On a broader sense, take a breath, do some diving, sharpen your observational skills.
There's lots of "larger stuff" swimming right by you.
We all begin diving with the same skills.
We can't see or find anything. Thus- we gravitate towards easily seen and identifiable critters. Lobsters, Crabs (Hey... I've seen those in a restaurant!), bigger fish like Baracuda, Groupers, and similar.
It is so insidious that
no diver can know what he isn't seeing. I have had students that were so keyed up with
"Wooowooo... I'm diving!" (kind of like the first time you have sex) that they couldn't see a 10" lobster on the sandy bottom from 4 feet away. Not all that uncommon.
Sometimes we are so eager to see something, we'll pay for the priveledge to see Sharks attracted to feed before us. We might go to a resort that features Dolphin encounters. Both of these (and similar are called "Canned Fish" acts or "Rodeos") you will someday realize are pretty dreadful.

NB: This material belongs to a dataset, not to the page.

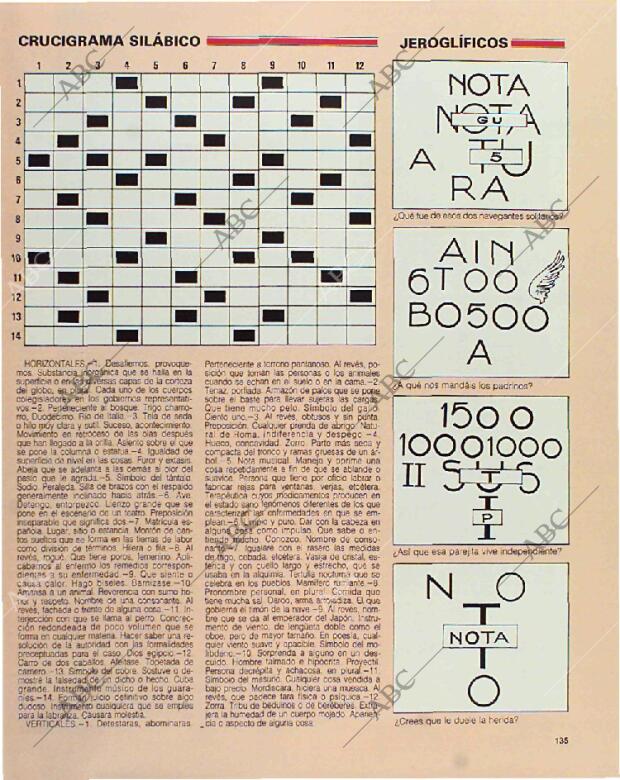 BLANCO Y NEGRO MADRID 21-03-1993 página 135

Tobago? Only one Dive Op that I know of that could give you a remote chance of seeing Mantas- get 40+ logged small boat dives (wooden ladders) and drift (heavy current) recoveries before you go play with those guys.
Grenada? The only place to see the real deal is the far NE barrier islands- getting there will cost serious money and two plus days of diving with specific dive ops before they will bother to trust you.
Roatan? There is a Canned Shark Dive and a Dolphin Pester. For what they are, two of the best I have ever seen in terms of dive breifing and dive-op infrastructure. You can often see (and snorkel with) free dolphins on the South Side at First Bight (East of CCV). See Pilot Whales from New Years at
http://www.docksidedivecenter.com/WeeklyLog122906.html on just a regular dive boat trip.
Roatan and Belize do offer some potential for Whale Sharks, but specific times of year are an issue, phases of the moon, plus the dive-op itself has to be doing some serious networking. The most Whale Sharks ever dove in the Bay Islands was in the day that CCV had a float plane diong the spotting. Go for the diving, if you get a Whale Shark- consider that you've won the lottery.
No arranged dive will come close to your first incidental encounter in the wild. You may have seen 100 sharks being fed on 8 different
Canned Shark dives, but
that one dive when you are at 60 feet off of San Sal and a 12' Bull Shark swims along 100 feet away and just ignores you...
that is a memory.
Go to some place with great stuff to see. Concentrate on that life that is 6" down to microscopic. Practice your buoyancy, your observational skills and diving. You'll see the "big stuff" soon enough!
If you go looking for "love", you'll likely not find it!